Lausitzer Rundschau: Jenseits der Mördergrube Vertriebenen-Präsidentin sorgt für neuen Eklat mit Polen
Cottbus (ots)
In Wladyslaw Bartoszewski, dem früheren polnischen Außenminister, hat sich Erika Steinbach - je nach Standpunkt - genau den richtigen oder aber den völlig falschen Gegner ausgesucht. Am Ziel vorbei schießt die Vertriebenenpräsidentin, wenn man die Lebensleistung des 88-Jährigen ins Visier nimmt. Wie kein Zweiter hat sich Bartoszewski um die Aussöhnung zwischen Deutschen und Polen verdient gemacht. Obwohl die Nazis ihn ins KZ Auschwitz sperrten, suchte der tief gläubige Katholik nach dem Krieg immer wieder Mittel und Wege, um mit den Feinden von einst ins Gespräch zu kommen. Charakterschwäche? Hans-Dietrich Genscher und Richard von Weizsäcker singen nicht von ungefähr Loblieder auf Bartoszewski. Gerade das Leid der Vertriebenen hat der polnische Patriot früh thematisiert. Umso enttäuschter war Bartoszewski, als Steinbach und andere BdV-Funktionäre die Geschichte in ein diffuses Licht zu rücken versuchten. Die Ur-Schuld der Nazis an den Leiden der Kriegs- und Nachkriegszeit drohte darin seiner Meinung nach zu verblassen. Über Steinbachs Ambitionen, in den Stiftungsrat für das Berliner Vertriebenenzentrum einzuziehen, ärgerte sich Bartoszewski maßlos. Und polterte, die BdV-Präsidentin betreibe nichts anderes als mancher Holocaust-Leugner. Das ging viel zu weit, und so gibt der alte Mann im Warschauer Außenministerium eben doch eine geeignete Zielscheibe für die Schüsse von der rechten Flanke ab.

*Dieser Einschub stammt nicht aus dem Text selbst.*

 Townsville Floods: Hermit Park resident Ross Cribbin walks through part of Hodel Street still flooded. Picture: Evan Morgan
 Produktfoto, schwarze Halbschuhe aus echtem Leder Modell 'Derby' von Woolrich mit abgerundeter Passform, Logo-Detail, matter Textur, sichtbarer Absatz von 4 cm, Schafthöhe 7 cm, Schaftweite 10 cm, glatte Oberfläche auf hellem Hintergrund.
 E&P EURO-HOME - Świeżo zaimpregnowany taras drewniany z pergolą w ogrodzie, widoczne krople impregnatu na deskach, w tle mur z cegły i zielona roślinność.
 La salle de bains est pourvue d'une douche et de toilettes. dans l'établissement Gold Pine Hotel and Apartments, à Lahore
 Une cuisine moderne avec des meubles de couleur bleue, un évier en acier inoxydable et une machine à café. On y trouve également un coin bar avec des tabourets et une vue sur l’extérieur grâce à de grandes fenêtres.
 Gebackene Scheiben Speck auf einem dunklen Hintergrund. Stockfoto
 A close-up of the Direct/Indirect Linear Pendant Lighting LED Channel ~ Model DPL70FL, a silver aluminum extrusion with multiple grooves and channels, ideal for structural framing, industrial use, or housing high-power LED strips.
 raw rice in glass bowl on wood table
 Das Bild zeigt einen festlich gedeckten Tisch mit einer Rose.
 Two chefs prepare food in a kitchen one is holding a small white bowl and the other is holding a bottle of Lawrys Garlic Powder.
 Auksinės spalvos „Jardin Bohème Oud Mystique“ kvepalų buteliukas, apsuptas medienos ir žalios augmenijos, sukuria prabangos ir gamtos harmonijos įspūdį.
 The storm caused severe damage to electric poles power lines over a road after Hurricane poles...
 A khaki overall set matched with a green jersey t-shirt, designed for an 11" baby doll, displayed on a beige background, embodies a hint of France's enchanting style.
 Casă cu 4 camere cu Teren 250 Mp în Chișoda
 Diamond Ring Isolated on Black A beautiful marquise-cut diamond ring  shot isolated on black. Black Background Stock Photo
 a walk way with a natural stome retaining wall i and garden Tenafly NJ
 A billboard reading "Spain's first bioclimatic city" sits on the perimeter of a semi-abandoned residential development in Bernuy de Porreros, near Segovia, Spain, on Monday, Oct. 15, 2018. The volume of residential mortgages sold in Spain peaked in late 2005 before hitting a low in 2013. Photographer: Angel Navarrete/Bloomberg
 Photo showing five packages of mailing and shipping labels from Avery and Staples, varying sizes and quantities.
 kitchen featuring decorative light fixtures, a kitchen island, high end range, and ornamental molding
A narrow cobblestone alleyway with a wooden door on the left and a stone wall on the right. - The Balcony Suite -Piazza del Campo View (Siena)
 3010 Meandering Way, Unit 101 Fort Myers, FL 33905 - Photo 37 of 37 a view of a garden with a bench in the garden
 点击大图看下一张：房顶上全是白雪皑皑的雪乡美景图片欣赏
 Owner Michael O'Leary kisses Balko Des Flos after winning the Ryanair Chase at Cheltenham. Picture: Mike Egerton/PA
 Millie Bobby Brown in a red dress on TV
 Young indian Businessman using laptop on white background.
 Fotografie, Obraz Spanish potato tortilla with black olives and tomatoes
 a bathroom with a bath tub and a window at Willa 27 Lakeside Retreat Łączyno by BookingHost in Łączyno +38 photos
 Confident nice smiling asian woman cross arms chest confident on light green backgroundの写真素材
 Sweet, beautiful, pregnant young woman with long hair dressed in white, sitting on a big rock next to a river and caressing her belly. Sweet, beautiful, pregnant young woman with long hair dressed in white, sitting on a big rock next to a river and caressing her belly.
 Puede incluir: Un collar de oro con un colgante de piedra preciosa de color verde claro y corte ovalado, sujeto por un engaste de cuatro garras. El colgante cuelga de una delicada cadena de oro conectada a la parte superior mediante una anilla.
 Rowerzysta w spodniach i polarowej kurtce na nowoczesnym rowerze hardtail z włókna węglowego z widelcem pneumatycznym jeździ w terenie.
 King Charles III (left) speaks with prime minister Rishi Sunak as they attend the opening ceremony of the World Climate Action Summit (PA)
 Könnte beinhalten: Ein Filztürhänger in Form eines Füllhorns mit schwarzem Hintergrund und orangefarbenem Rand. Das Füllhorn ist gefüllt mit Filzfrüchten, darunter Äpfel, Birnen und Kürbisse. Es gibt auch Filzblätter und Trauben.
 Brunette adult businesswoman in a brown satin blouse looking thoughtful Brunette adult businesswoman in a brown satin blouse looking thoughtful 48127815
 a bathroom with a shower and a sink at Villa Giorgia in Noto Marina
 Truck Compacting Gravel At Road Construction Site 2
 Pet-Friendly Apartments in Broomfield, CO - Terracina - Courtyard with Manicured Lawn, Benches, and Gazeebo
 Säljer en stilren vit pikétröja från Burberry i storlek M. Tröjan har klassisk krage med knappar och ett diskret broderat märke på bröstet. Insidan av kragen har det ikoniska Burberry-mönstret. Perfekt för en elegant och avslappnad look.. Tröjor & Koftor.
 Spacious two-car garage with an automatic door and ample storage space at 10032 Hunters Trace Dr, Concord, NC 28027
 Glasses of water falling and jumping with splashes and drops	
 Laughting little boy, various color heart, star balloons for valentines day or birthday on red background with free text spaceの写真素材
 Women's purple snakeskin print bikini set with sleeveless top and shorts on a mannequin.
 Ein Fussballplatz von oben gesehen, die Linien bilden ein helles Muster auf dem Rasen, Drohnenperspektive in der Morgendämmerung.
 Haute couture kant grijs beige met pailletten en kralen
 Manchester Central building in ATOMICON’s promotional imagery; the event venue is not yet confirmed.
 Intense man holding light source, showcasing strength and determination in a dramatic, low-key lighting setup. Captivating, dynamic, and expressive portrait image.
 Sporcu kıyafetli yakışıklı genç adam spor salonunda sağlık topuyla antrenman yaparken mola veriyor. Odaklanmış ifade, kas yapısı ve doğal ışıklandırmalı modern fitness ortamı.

Steinbach hat sich nach dem jüngsten Weltkriegs-Eklat offenkundig dazu entschlossen, aus ihrem Herzen nicht länger eine Mördergrube zu machen. Die ganze versöhnlerische Richtung, die Bartoszewski auf polnischer und Männer wie Genscher und Weizsäcker auf deutscher Seite repräsentieren, hat ihr noch nie so recht gepasst. Steinbach hofft nun womöglich darauf, dass ein Querschläger ihrer Salven die liberalen Geister in der Bundesregierung trifft - allen voran Guido Westerwelle, aber auch Angela Merkel. Wahrscheinlicher ist, dass die Vertriebenenpräsidentin den Rückstoßimpuls ihrer Waffen unterschätzt.